*TASK OBJECTIVE*
Would you reproduce exactly the lines below from the one holding "2of2) Set of" through the one holding "Modern Dark Blue", inclusive, and no others?

Short text fragments from websites:
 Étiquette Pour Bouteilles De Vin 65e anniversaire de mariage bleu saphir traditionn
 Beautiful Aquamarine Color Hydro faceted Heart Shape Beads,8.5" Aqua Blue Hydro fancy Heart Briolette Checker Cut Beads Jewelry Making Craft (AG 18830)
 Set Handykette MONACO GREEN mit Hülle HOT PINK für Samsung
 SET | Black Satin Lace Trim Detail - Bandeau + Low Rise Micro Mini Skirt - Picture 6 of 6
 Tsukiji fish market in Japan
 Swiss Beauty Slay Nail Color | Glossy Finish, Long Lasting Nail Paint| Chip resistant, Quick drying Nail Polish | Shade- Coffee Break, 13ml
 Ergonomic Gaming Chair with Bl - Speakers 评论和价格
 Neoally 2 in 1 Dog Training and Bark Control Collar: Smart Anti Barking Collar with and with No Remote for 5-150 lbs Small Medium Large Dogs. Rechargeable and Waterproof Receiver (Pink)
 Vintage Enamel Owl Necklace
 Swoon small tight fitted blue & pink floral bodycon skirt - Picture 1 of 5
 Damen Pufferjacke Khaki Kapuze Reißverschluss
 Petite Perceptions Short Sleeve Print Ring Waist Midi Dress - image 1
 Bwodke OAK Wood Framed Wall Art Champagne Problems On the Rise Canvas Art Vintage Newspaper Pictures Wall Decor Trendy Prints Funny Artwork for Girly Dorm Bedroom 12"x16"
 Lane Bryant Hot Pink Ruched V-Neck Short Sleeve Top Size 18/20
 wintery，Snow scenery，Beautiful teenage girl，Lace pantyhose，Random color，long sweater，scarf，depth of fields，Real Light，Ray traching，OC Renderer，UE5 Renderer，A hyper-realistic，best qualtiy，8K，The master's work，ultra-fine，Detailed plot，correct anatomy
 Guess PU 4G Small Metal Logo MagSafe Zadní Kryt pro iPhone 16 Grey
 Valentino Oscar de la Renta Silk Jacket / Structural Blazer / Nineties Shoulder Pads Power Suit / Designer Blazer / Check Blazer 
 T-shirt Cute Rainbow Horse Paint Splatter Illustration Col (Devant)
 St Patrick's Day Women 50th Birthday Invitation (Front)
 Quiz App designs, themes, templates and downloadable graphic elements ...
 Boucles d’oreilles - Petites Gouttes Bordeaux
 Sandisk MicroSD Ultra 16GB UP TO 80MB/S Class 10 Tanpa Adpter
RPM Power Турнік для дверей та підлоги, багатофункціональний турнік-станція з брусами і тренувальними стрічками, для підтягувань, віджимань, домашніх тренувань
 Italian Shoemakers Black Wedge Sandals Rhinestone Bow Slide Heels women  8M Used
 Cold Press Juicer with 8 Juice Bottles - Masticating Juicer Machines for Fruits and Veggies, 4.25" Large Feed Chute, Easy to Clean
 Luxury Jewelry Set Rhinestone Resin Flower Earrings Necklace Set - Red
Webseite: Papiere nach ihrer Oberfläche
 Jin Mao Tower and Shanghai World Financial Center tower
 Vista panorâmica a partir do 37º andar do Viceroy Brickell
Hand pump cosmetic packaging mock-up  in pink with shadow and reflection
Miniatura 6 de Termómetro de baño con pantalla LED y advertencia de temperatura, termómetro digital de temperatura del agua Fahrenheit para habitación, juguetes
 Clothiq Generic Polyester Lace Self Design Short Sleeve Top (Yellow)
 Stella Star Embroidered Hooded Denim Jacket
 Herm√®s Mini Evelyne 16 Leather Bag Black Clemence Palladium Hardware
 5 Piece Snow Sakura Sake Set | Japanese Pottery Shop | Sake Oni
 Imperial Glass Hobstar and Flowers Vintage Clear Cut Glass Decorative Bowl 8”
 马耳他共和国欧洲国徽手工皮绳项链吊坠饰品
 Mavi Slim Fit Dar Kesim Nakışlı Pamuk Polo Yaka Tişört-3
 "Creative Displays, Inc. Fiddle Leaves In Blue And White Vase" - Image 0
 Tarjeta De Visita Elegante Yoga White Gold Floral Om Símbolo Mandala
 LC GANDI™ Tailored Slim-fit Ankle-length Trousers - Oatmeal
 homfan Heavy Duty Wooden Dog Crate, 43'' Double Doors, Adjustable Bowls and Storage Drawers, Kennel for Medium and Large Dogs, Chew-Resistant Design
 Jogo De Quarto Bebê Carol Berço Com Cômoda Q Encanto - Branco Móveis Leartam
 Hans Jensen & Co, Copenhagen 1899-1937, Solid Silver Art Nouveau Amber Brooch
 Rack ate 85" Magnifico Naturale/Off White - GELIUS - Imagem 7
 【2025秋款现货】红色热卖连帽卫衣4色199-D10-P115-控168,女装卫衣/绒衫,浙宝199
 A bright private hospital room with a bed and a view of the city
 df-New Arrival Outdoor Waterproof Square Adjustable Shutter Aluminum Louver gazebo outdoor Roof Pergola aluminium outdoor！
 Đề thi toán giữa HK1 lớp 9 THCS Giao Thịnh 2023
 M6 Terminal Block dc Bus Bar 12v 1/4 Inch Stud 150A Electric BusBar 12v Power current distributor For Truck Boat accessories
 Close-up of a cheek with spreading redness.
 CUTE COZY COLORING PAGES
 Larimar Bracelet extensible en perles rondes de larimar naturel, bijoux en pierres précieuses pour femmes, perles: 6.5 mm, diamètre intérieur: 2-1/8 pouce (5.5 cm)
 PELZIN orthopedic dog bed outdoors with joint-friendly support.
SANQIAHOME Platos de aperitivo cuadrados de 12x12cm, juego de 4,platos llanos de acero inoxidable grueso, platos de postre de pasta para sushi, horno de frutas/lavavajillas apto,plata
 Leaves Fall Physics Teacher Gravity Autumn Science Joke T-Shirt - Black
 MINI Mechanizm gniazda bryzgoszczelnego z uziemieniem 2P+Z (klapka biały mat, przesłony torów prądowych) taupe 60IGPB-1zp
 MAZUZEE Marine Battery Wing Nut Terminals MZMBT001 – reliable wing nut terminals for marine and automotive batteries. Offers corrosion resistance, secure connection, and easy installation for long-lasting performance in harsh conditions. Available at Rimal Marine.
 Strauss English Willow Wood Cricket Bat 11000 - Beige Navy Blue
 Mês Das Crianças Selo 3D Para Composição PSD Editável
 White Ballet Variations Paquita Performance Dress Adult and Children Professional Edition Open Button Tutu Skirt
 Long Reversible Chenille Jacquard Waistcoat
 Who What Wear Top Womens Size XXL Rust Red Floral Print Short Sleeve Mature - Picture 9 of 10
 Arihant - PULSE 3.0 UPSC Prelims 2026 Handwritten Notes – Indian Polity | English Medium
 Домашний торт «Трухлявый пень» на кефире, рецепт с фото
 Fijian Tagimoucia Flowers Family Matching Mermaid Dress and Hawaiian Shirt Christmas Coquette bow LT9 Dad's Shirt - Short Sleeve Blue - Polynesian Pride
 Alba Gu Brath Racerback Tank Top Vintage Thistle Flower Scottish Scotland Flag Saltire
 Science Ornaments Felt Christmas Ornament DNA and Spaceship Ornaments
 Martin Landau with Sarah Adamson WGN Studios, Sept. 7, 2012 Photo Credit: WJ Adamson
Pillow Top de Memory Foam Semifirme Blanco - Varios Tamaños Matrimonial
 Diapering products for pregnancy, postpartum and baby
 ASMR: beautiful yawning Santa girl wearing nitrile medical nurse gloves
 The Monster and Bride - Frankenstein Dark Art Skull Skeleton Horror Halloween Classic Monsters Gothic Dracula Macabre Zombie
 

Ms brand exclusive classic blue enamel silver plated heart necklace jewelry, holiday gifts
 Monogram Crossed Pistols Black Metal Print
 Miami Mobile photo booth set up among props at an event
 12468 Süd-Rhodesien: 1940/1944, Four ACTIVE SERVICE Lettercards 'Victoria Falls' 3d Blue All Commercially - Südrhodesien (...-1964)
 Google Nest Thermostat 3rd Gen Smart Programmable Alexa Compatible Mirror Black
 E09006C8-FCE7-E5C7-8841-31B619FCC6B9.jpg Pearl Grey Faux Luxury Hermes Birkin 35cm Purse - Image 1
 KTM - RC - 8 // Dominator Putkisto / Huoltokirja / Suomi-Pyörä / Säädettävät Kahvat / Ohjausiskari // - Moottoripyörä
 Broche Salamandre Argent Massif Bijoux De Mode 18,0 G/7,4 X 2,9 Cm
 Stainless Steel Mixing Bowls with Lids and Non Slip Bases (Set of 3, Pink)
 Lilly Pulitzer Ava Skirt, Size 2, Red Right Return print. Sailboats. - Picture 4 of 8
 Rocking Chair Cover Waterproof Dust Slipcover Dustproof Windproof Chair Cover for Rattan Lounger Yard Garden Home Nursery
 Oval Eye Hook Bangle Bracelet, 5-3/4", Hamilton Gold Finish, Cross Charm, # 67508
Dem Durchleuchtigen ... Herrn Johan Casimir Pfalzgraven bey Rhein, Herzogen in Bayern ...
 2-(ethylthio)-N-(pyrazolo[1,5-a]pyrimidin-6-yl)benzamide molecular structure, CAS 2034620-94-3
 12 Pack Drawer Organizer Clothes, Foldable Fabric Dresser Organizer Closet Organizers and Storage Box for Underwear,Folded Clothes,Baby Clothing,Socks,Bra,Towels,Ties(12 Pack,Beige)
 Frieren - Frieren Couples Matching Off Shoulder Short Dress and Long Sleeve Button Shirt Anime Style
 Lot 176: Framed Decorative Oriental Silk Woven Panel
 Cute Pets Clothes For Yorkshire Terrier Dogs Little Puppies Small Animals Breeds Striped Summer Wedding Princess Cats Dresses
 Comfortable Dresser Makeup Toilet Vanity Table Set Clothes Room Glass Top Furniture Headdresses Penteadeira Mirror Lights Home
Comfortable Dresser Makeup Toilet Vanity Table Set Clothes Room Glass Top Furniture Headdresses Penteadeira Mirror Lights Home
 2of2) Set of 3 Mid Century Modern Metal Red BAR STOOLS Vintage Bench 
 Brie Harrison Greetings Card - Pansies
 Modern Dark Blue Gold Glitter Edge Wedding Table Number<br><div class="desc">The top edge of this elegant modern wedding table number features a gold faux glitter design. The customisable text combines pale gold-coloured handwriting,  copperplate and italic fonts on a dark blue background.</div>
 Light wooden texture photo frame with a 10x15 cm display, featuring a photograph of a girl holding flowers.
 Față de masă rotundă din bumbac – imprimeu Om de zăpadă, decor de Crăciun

*SOLVED PROBLEM*
 2of2) Set of 3 Mid Century Modern Metal Red BAR STOOLS Vintage Bench 
 Brie Harrison Greetings Card - Pansies
 Modern Dark Blue Gold Glitter Edge Wedding Table Number<br><div class="desc">The top edge of this elegant modern wedding table number features a gold faux glitter design. The customisable text combines pale gold-coloured handwriting,  copperplate and italic fonts on a dark blue background.</div>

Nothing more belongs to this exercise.